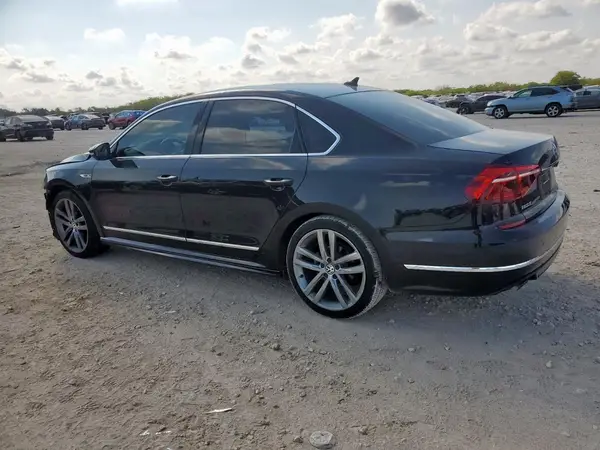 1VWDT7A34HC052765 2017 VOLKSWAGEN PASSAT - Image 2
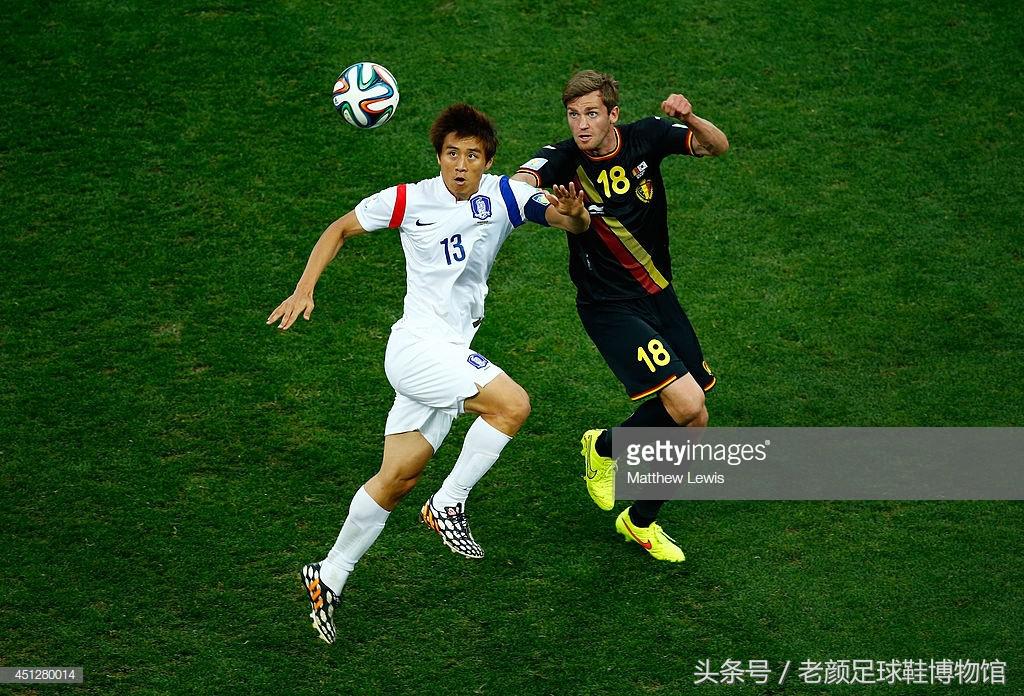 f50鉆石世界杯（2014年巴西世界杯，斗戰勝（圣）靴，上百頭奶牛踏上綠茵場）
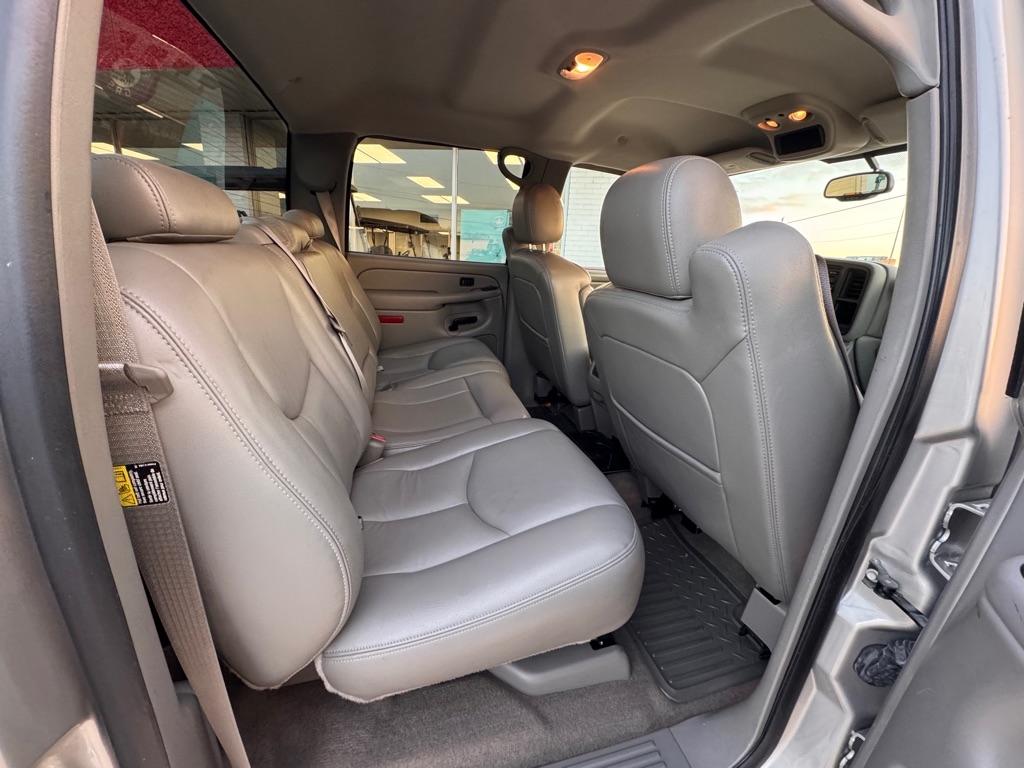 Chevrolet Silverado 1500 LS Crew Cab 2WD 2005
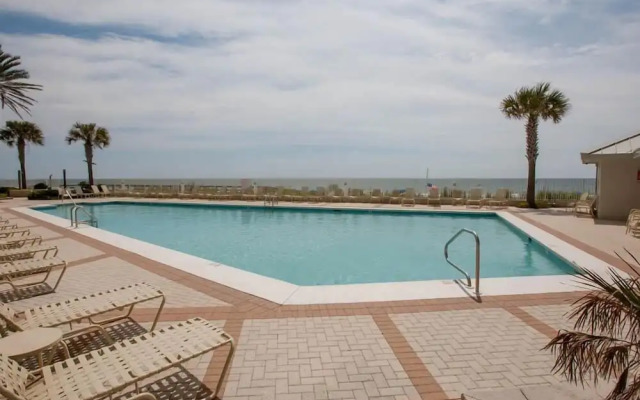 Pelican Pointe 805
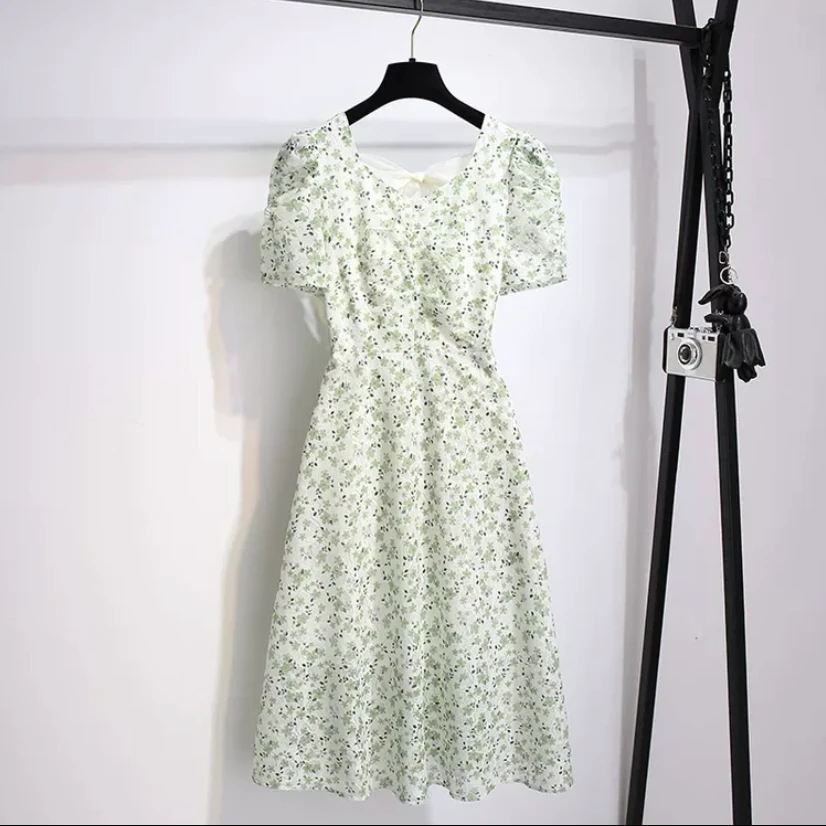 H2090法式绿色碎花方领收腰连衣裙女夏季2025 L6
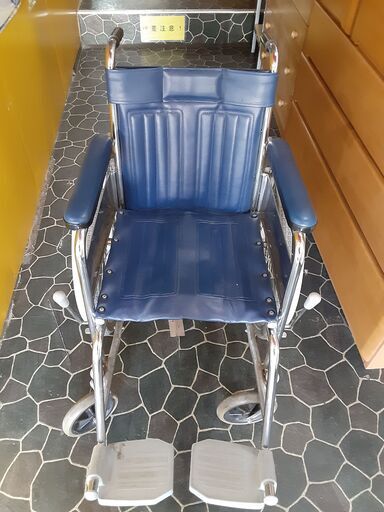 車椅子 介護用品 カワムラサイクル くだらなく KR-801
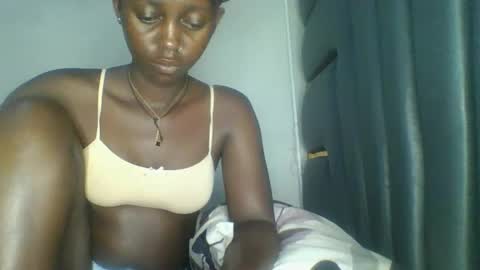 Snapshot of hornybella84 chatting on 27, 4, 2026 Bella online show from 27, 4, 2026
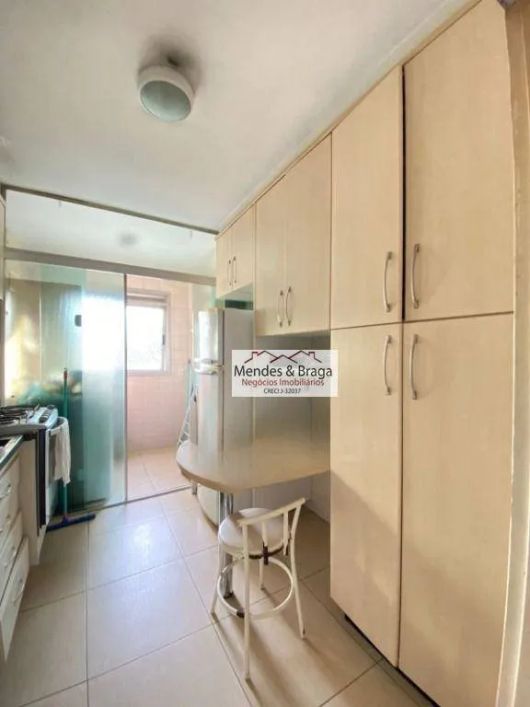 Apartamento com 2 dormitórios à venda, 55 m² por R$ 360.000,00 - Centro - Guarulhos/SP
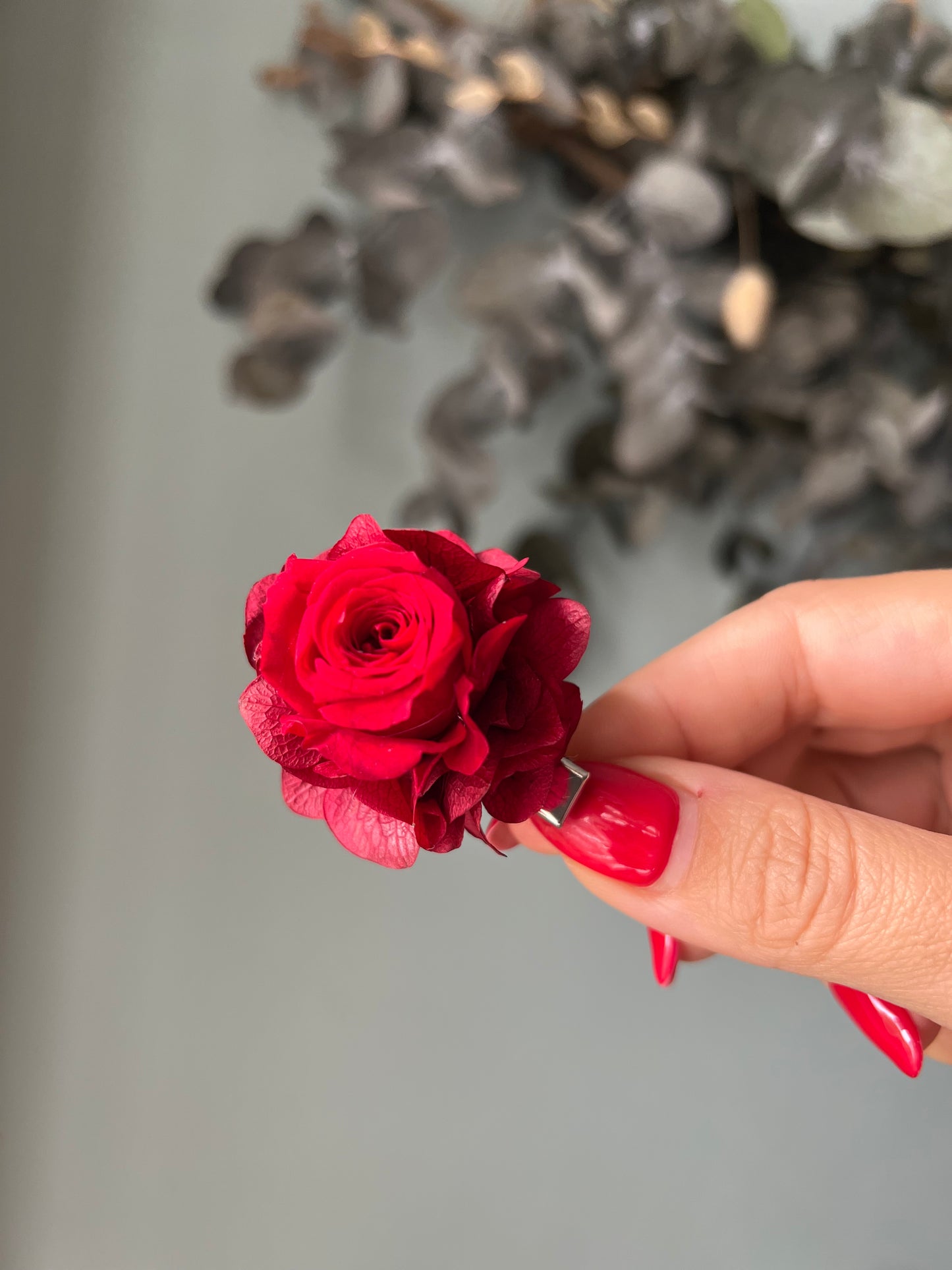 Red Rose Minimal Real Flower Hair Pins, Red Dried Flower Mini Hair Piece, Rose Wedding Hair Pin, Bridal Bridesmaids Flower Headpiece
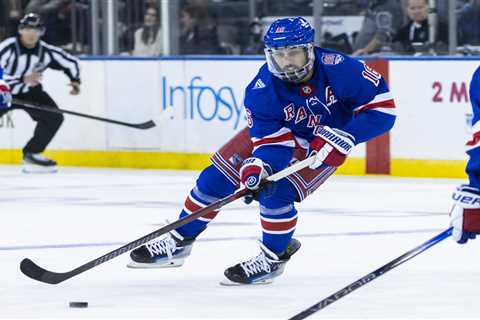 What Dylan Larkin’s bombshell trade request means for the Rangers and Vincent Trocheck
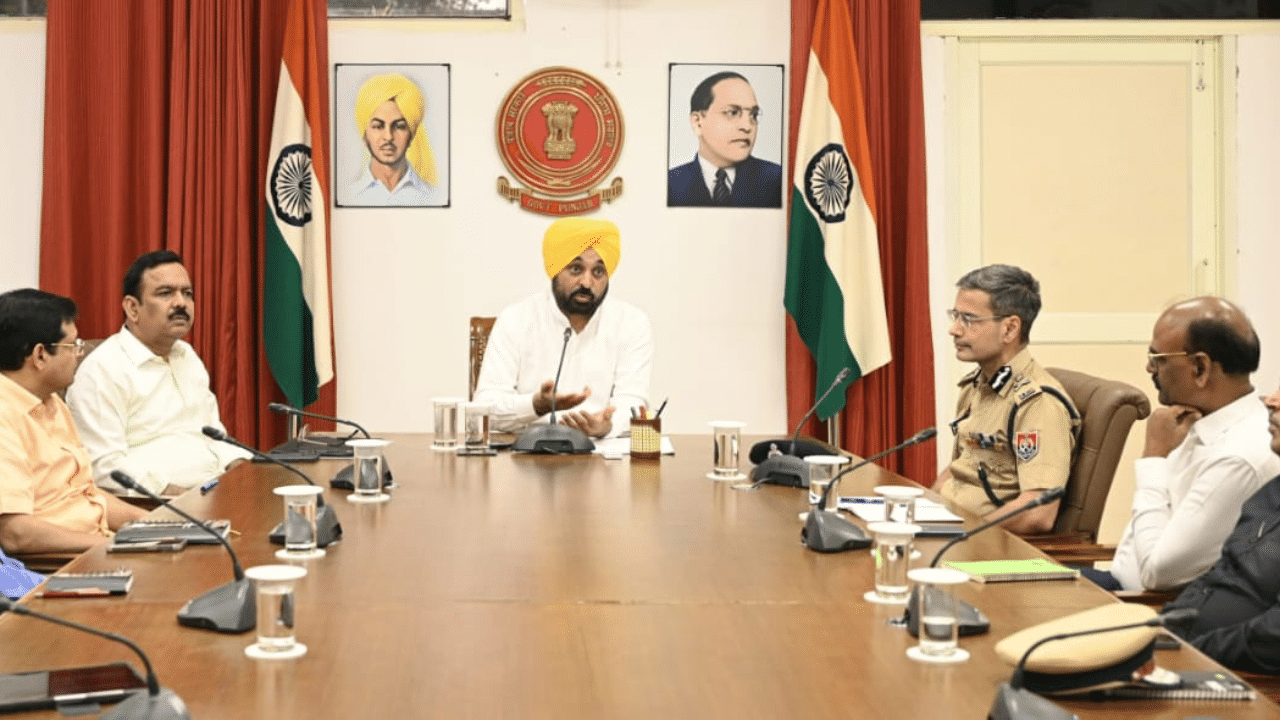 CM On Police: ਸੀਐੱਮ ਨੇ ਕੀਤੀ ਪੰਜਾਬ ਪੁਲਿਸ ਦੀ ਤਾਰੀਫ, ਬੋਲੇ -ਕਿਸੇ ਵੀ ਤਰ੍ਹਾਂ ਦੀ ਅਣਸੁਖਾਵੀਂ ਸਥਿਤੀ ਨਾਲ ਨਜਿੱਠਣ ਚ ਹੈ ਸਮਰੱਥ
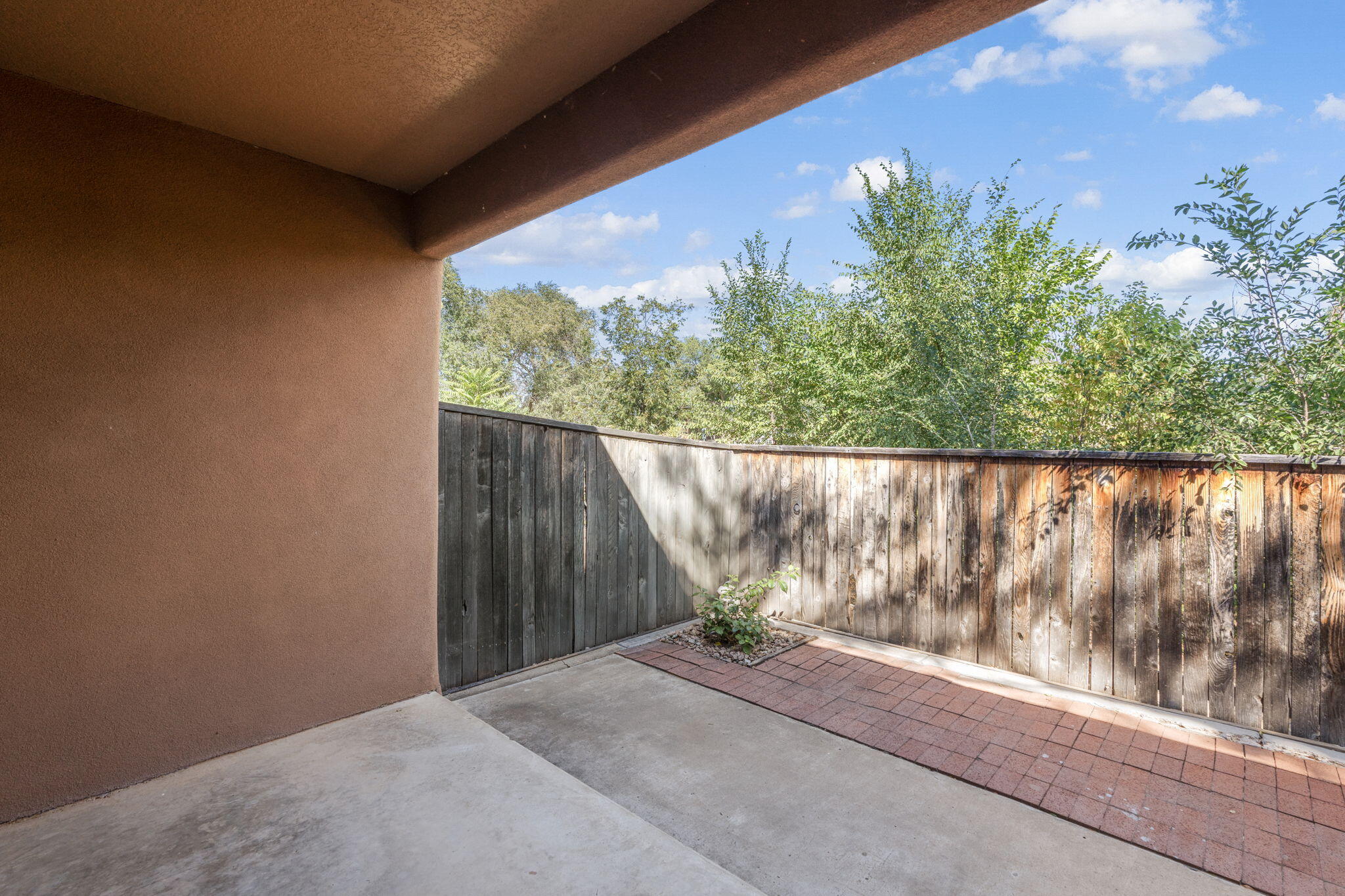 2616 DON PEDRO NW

■ Prompt
In the listing above, find the line holding "Snapshot of hornybella84" and the line holding "Red Rose Minimal". Reproduce those two lines and all between them exactly, leaving out pictures.

■ Answer area
 Snapshot of hornybella84 chatting on 27, 4, 2026 Bella online show from 27, 4, 2026
 Apartamento com 2 dormitórios à venda, 55 m² por R$ 360.000,00 - Centro - Guarulhos/SP
 Red Rose Minimal Real Flower Hair Pins, Red Dried Flower Mini Hair Piece, Rose Wedding Hair Pin, Bridal Bridesmaids Flower Headpiece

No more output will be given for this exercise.